Bei Eisenbahnfahrzeugen mit Übergangsbrücken achten Sie vor dem Kuppeln bzw. Entkuppeln darauf, dass die Übergangsbrücken hochgestellt und festgelegt sind.

Achten Sie beim Kuppeln und Entkuppeln auf Hindernisse und Gefahren (z. B. Weichen, Kreuzungen, Gleisbremsen). An solchen Stellen dürfen Sie Eisenbahnfahrzeuge nur kuppeln, wenn sich diese nicht bewegen.

Reihenfolge beim Kuppeln von Schraubenkupplungen

Beim Kuppeln von Eisenbahnfahrzeugen müssen Sie wie folgt vorgehen:

  1. 1.

    Schraubenkupplung einhängen,

  2. 2.

    Kupplungsspindel anziehen,

  3. 3.

    Bremskupplungen verbinden (Hauptluftleitung (HL) und - sofern vorhanden und benötigt - Hauptluftbehälterleitung (HBL)),

  4. 4.

    Luftabsperrhähne öffnen.

Anschließend müssen Sie - sofern vorhanden und benötigt -

  • Dampfheizkupplungen verbinden und Absperrhähne öffnen,

  • elektrische Leitungen verbinden

und

  • Übergänge herstellen sowie Informations- und Steuerleitungen verbinden.

Reihenfolge beim Entkuppeln von Schraubenkupplungen

Beim Entkuppeln von Eisenbahnfahrzeugen müssen Sie

- sofern vorhanden -

  • Informations- und Steuerleitungen trennen und einhängen,

  • Übergänge zurückstellen und festlegen sowie Übergangstüren an der Kupplungsstelle verschließen,

  • elektrische Leitungen trennen und einhängen

und

  • Absperrhähne der Dampfheizleitung schließen, Dampfheizkupplungen trennen und einhängen.

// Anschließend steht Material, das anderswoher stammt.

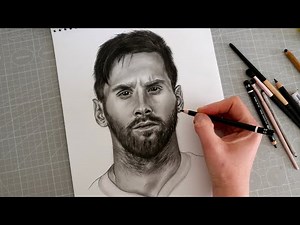 How to draw a realistic Lionel Messi portrait? Step by step drawing tutorial!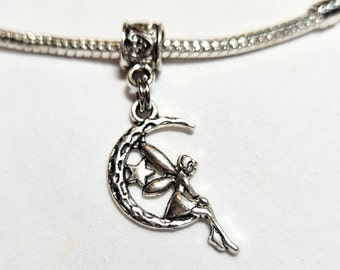 Fairy Charm,  Garden Fairy Charm, Sitting on Moon, Silver Tone Charm - Fits all Designer and European Charm Bracelets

Anschließend müssen Sie wie folgt vorgehen:

  1. 1.

    Luftabsperrhähne schließen,

  2. 2.

    Bremskupplungen trennen und einhängen (Hauptluftleitung (HL) und - sofern vorhanden - Hauptluftbehälterleitung (HBL)),

  3. 3.

    Kupplungsspindel lösen,

  4. 4.

    Schraubenkupplung in Kupplungshalter einhängen.

Besonderheiten

In den Regelungen des Unternehmens kann eine abweichende Reihenfolge beim Kuppeln und Entkuppeln zugelassen sein, wenn beide Eisenbahnfahrzeuge im Stand festgebremst sind (z. B. bei Triebwagen mit im Stillstand automatisch wirkenden Federspeicherbremsen).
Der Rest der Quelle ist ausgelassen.